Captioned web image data
────────────────────────────────────────

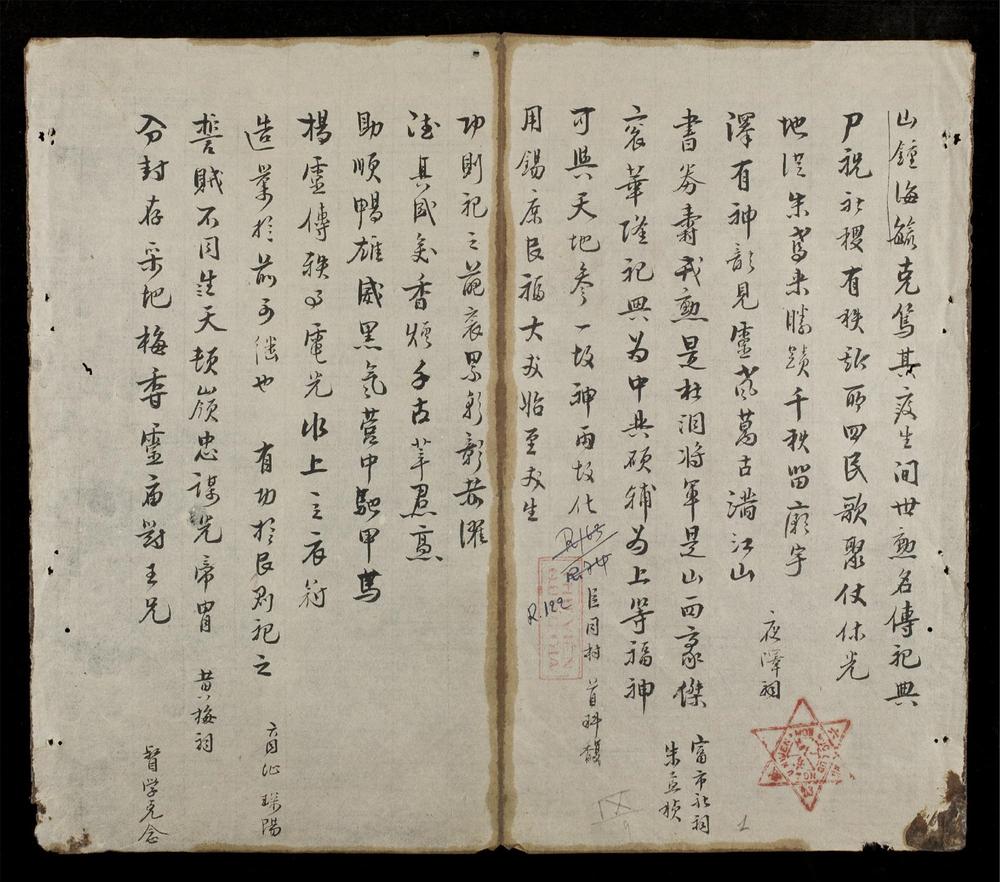 _山鍾海毓__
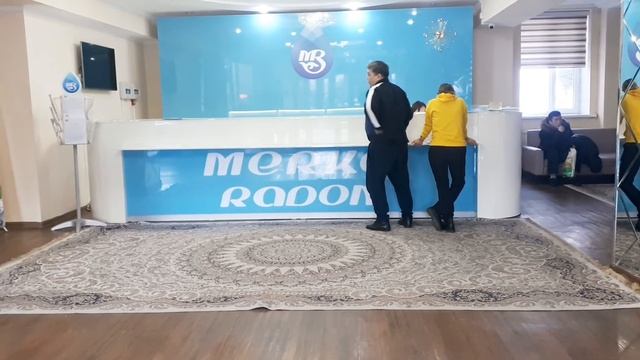 Санатория Мерке Радон,- шипажайы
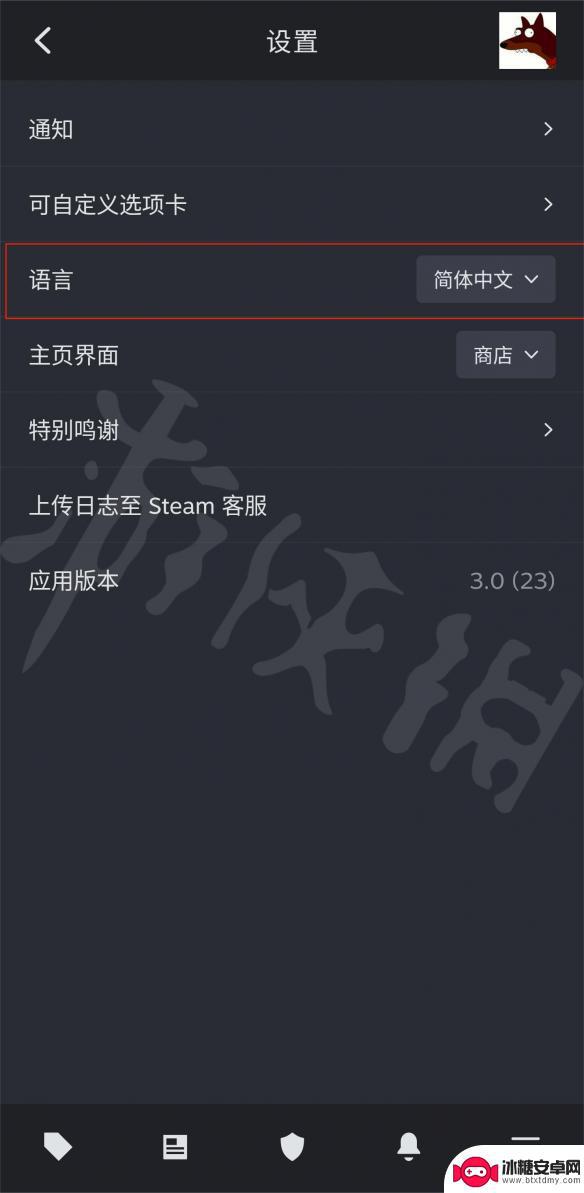 steam手机app怎么设置中文 Steam手机端中文设置教程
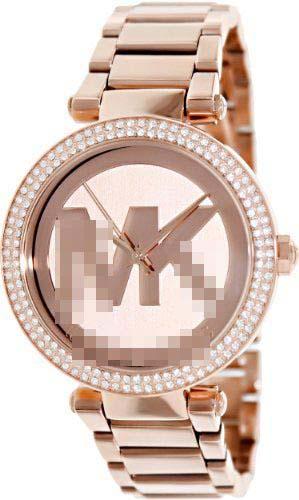 Wholesale Rose Gold Watch Face MK5865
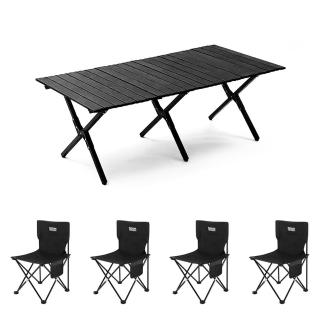 【E.C outdoor】戶外露營折疊輕量桌椅五件組-贈收納袋(露營桌椅 收納桌椅 摺疊桌椅)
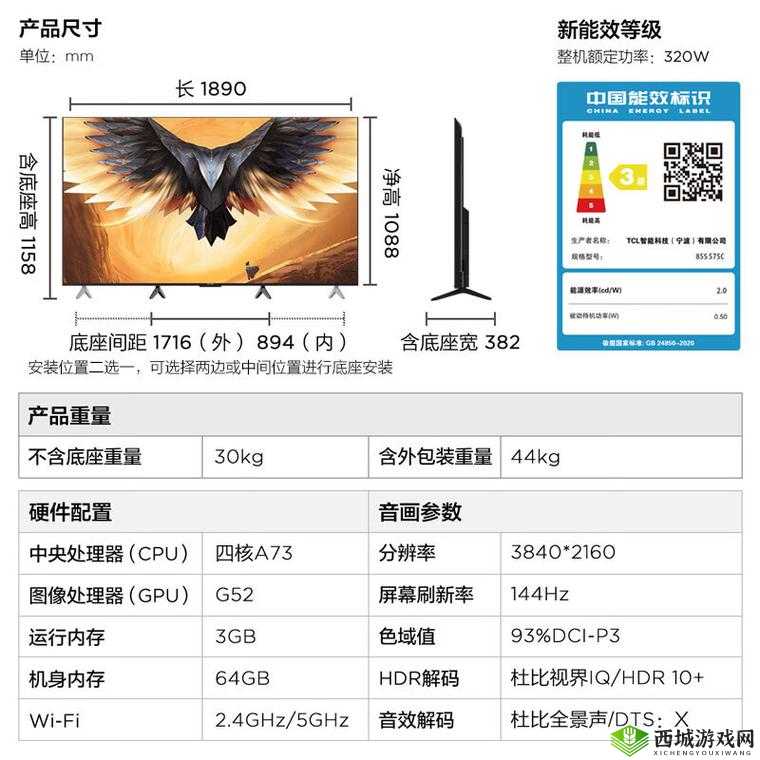 探索国产最好的高清播放机品牌:深度剖析与全面比较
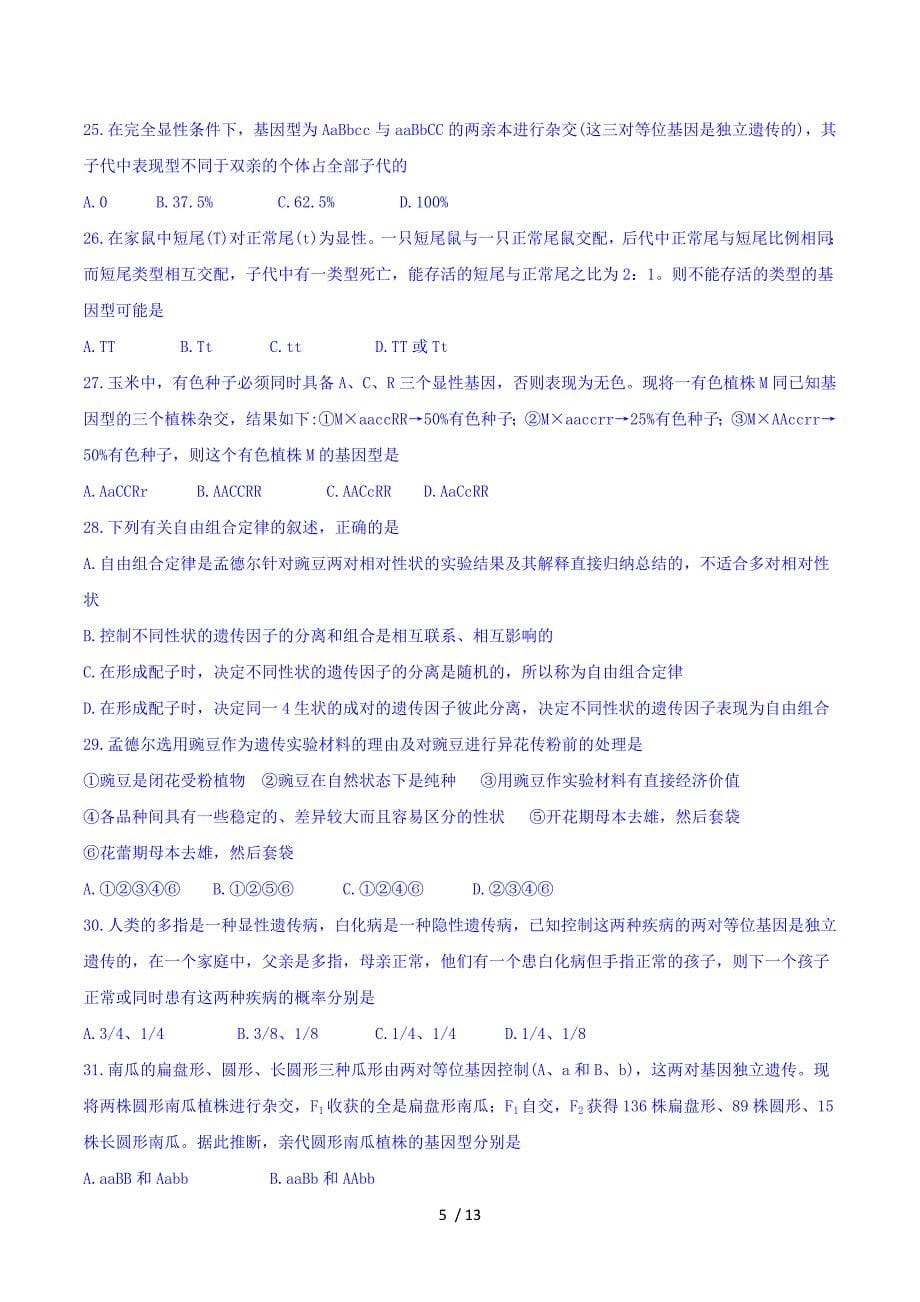 河南省2016-2017高二上期生物（必修2 第一二章）国庆假期作业（二） Word版含答案.doc_第5页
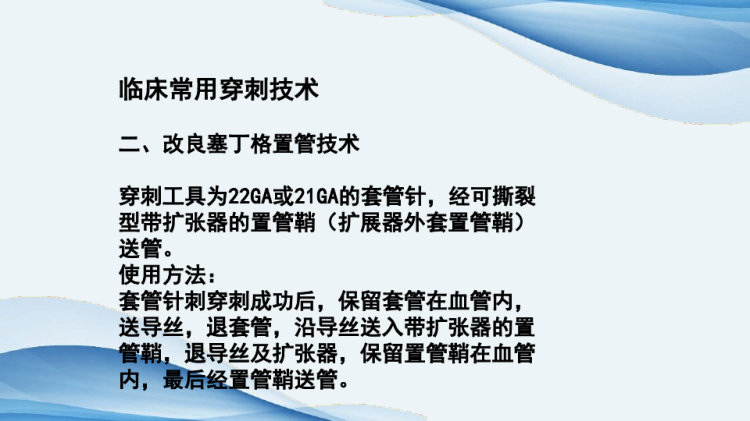 PICC置管术PPT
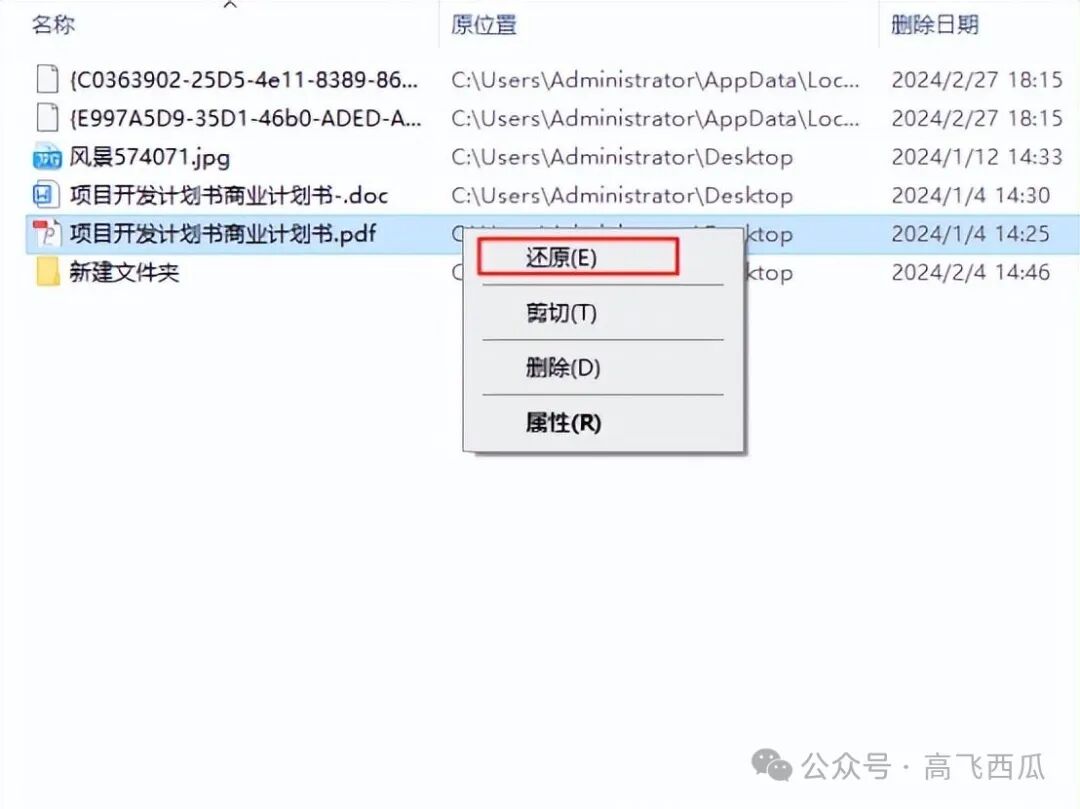 How to Recover Data from SD Cards After Accidental Deletion? Effective Recovery Techniques Shared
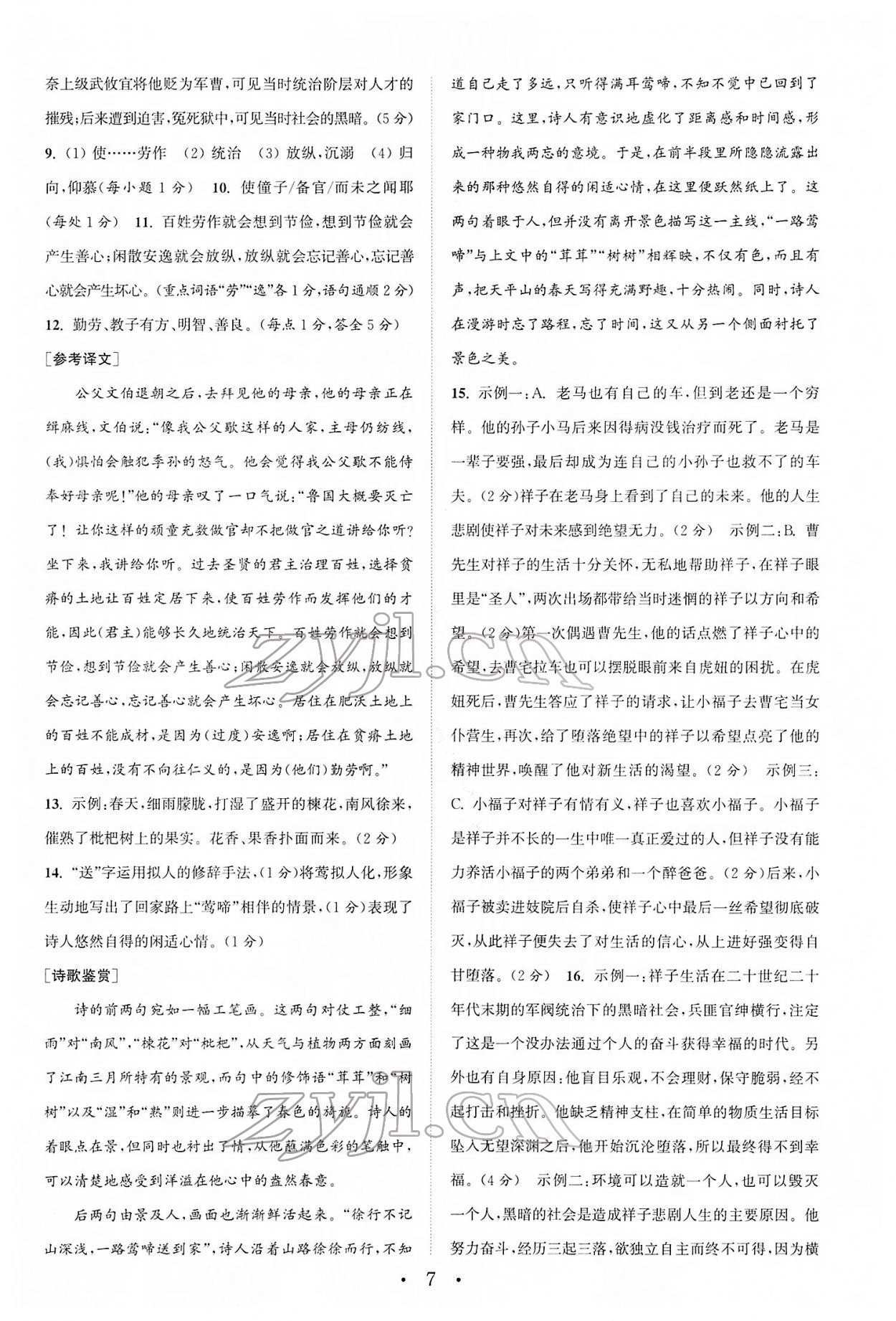 2022年通城学典初中语文阅读组合训练七年级下册浙江专版 第7页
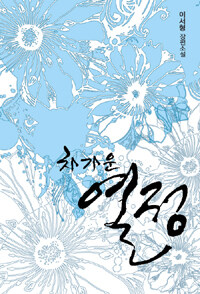 [중고] 차가운 열정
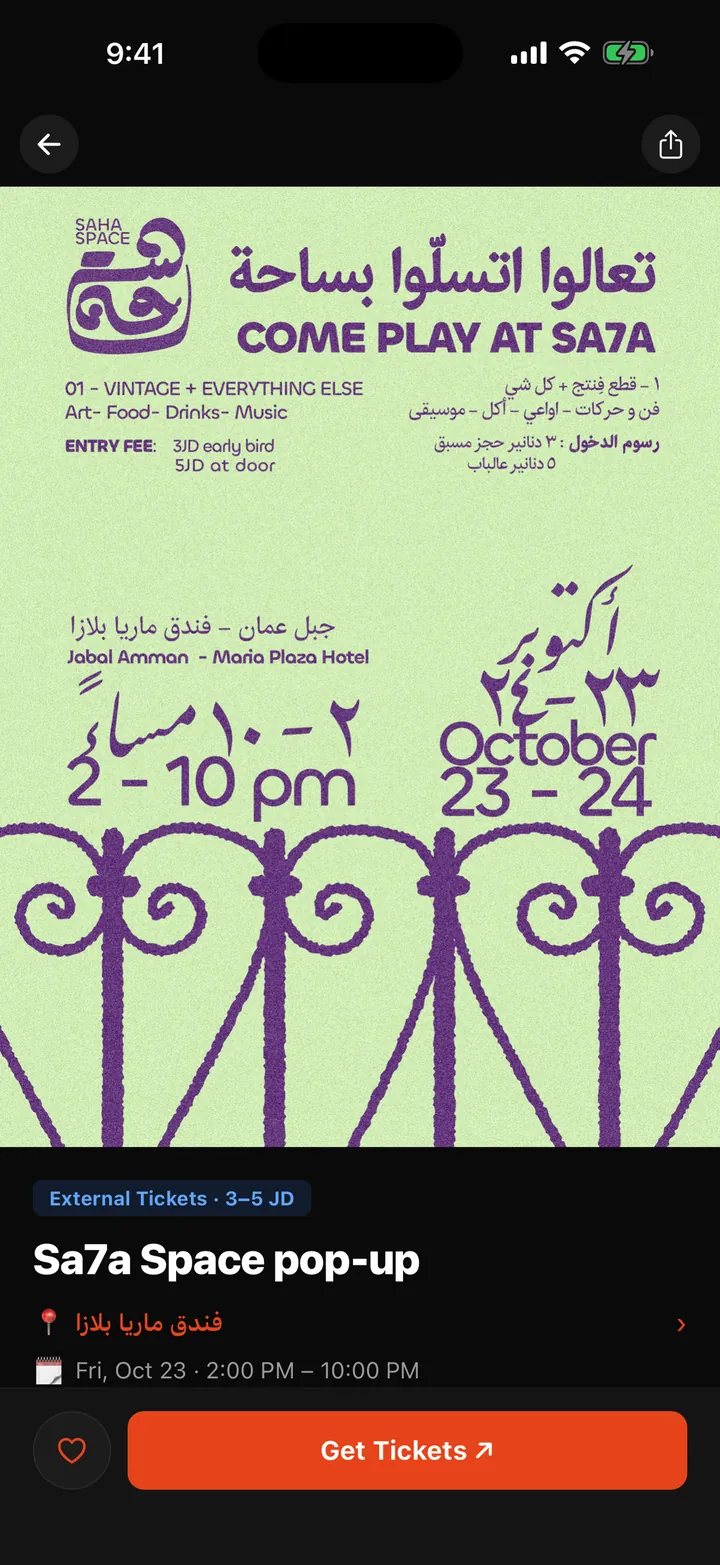 An event page with the date, venue and ticket link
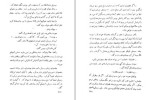 معرفی و دانلود کتاب عشق و یک دروغ مارگریت وست-1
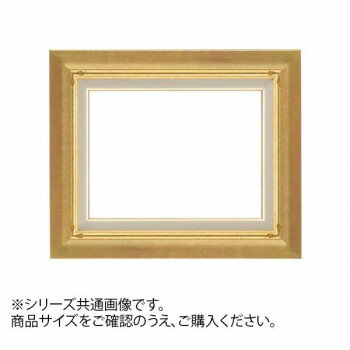 大額 7717 油額 P8 ゴールド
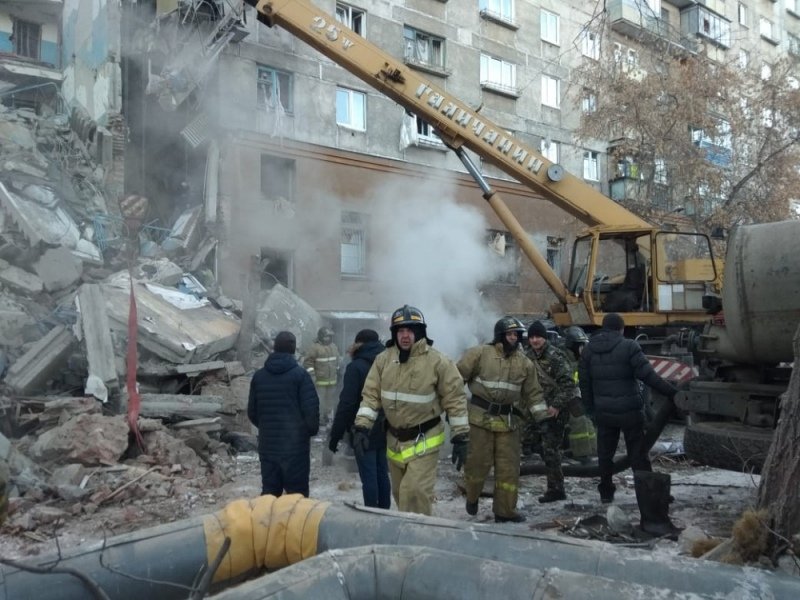Взрыв в Магнитогорске Взрыв в Магнитогорске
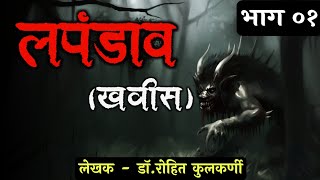 खविस - भाग ०१ | लपंडाव | मराठी भयकथा -९७ | Marathi Bhaykatha | Bardo Storyteller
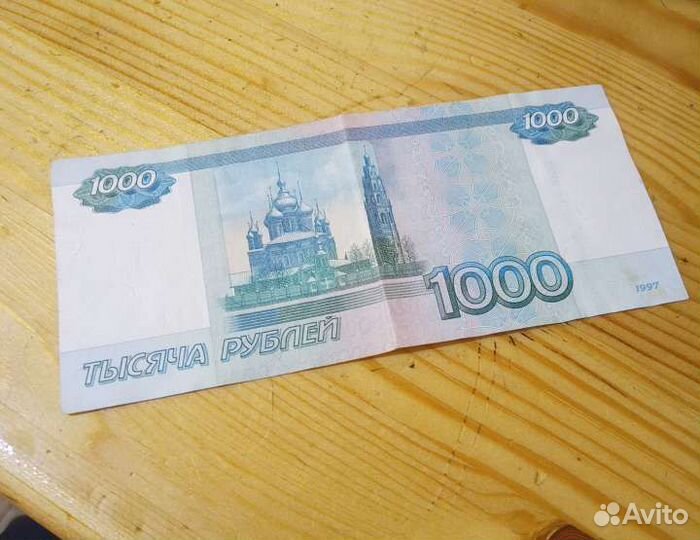 Купюра красивый номер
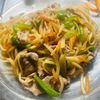 849763の作ってみた!投稿(【バター醤油焼きうどん】)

────────────────────────────────────────

Exercise instructions
Copy the records above exactly. The pictures are not part of the copy.

Response to this exercise
 _山鍾海毓__
 Санатория Мерке Радон,- шипажайы
 steam手机app怎么设置中文 Steam手机端中文设置教程
 Wholesale Rose Gold Watch Face MK5865
 【E.C outdoor】戶外露營折疊輕量桌椅五件組-贈收納袋(露營桌椅 收納桌椅 摺疊桌椅)
 探索国产最好的高清播放机品牌:深度剖析与全面比较
 河南省2016-2017高二上期生物（必修2 第一二章）国庆假期作业（二） Word版含答案.doc_第5页
 PICC置管术PPT
 How to Recover Data from SD Cards After Accidental Deletion? Effective Recovery Techniques Shared
 2022年通城学典初中语文阅读组合训练七年级下册浙江专版 第7页
 [중고] 차가운 열정
 An event page with the date, venue and ticket link
 معرفی و دانلود کتاب عشق و یک دروغ مارگریت وست-1
 大額 7717 油額 P8 ゴールド
Взрыв в Магнитогорске Взрыв в Магнитогорске
 खविस - भाग ०१ | लपंडाव | मराठी भयकथा -९७ | Marathi Bhaykatha | Bardo Storyteller
 Купюра красивый номер
 849763の作ってみた!投稿(【バター醤油焼きうどん】)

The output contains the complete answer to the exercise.